Filme, Orte, Themen: „Das Sommerküno“ in Prag
Prag ist eine Stadt mit langer Kinotradition. Eher selten schaffen es heute jedoch Filme in deutscher Sprache auf die Leinwand. Das Goethe-Institut, das Österreichische Kulturforum und die Schweizer Botschaft in Tschechien organisieren deshalb seit vielen Jahren in der Ferienzeit eine Filmreihe mit deutschsprachigen Produktionen. Sie knüpft an „Das Filmfest“ im Herbst an. Gezeigt werden Klassiker, aber auch neuere Filme. In diesem Jahr findet bereits die zehnte Auflage von „Das Sommerküno“ statt. Seit Juni werden in drei Kinos in Prag spannende Filme gezeigt. Das Programm läuft aber noch bis Ende der Ferien weiter.
Karolína Bukovská und Sebastian Halbauer vom Österreichischen Kulturforum gehören zu den Organisatoren des Festivals. Die Motivation zu dem Gemeinschaftsprojekt beschreibt Halbauer so:
„Das Österreichische Kulturforum, die Schweizer Botschaft und das Goethe-Institut haben zusammen an der Konzeption für ‚Das Filmfest‘ gearbeitet. Vor zehn Jahren wurde dann die Entscheidung getroffen, auch ein Sommerecho des Festivals zu machen.
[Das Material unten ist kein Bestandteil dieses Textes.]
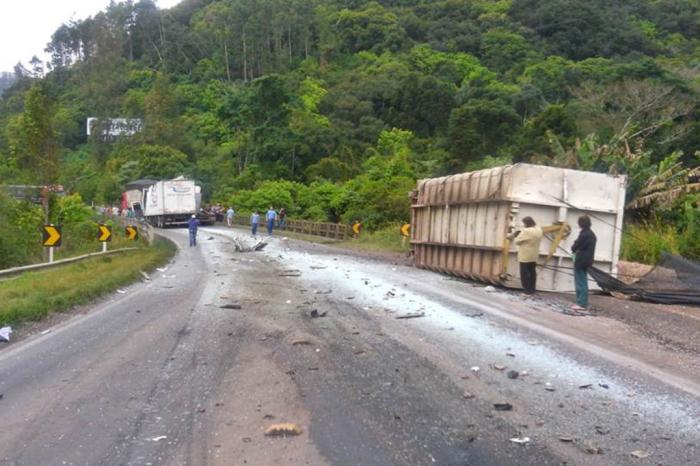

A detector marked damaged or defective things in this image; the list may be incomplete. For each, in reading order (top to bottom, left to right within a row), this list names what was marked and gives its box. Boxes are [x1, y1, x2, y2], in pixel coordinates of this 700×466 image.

damaged road [0, 225, 696, 462]
overturned truck [408, 164, 628, 292]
Sich als deutschsprachige Kulturinstitutionen zusammenzutun und somit auch auf ein größeres Publikum hinzuzugehen, ist die einzig richtige Entscheidung.“
„Das Sommerküno“ schreibt sich mit einem „ü“ anstatt einem „i“ im Wort Kino. Laut Karolína Bukovská ist das ein Wortspiel, das mittlerweile zur visuellen Identität des Festivals gehöre. Es spiele auf einen klassischen Aussprachefehler an, denn die deutschen Umlaute seien für Menschen aus Tschechien eine große Herausforderung. Aus dem „ü“ wird häufig ein gesprochenes „i“. Im Wort „Küno“ wurde dieser Fehler einfach umgedreht.
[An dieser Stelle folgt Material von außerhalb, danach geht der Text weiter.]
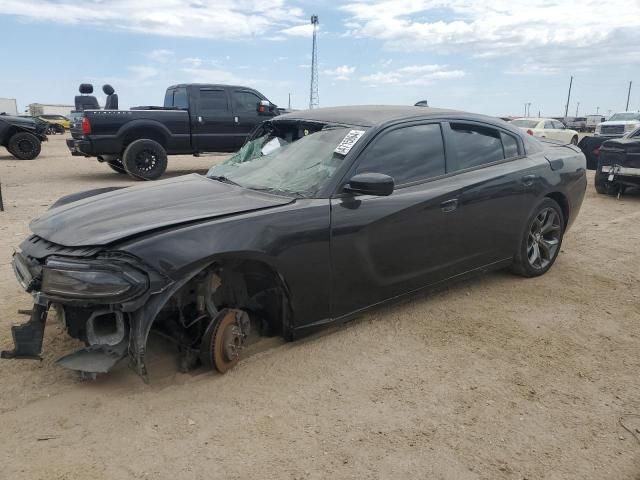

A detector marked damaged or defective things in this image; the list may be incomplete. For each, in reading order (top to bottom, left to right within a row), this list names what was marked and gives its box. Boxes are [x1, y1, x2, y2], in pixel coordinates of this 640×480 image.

wrecked car [0, 113, 47, 160]
shattered windshield [206, 126, 360, 198]
damaged black sedan [1, 106, 584, 378]
wrecked car [1, 106, 584, 378]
Das Programm ist auch in diesem Jahr facettenreich. Darunter sind Filme, die bereits in den vergangenen Jahren schon einmal gezeigt wurden. Bei der Zusammenstellung spielen verschiedene Aspekte eine Rolle.
„Es geht darum, eine breite Auswahl an Filmen zusammenzupacken, die eine große Gruppe an Zuschauern anspricht. Das setzt sich aus den erfolgreichsten Filmen der letzten Jahre unseres Filmfests zusammen, aber auch aus Klassikern und weiteren Streifen, die sich anbieten, einem tschechischen Publikum im Sommer zu zeigen“, so Sebastian Halbauer.
Karolína Bukovská betont, wichtig sei eine breite Themenauswahl über unterschiedliche Genres hinweg. Das Programm in diesem Jahr bietet Schwerpunkte wie Musik oder Kunst, es sind genauso Dramen sowie auch Filme, bei denen man herzhaft lachen könne – also klassische Komödien. Ein weiterer wichtiger Punkt sei zudem die sommerliche Atmosphäre gewesen, ergänzt Bukovská:
„Das heißt, man geht spät am Abend in den Park, sitzt draußen, trinkt ein Bierchen oder zwei – und natürlich sollen auch die Themen und die Stimmungen der Filme dazu passen.“
Von den Veranstaltungsorten bietet sich besonders das Sommerkino Kinská für einen solchen Abend an. Es ist am Rande des Kinský-Gartens gelegen, und vor dem Filmbesuch kann man zum Beispiel über den Petřín / Laurenziberg spazieren und einen Blick auf das bunte Treiben der Stadt unter sich werfen.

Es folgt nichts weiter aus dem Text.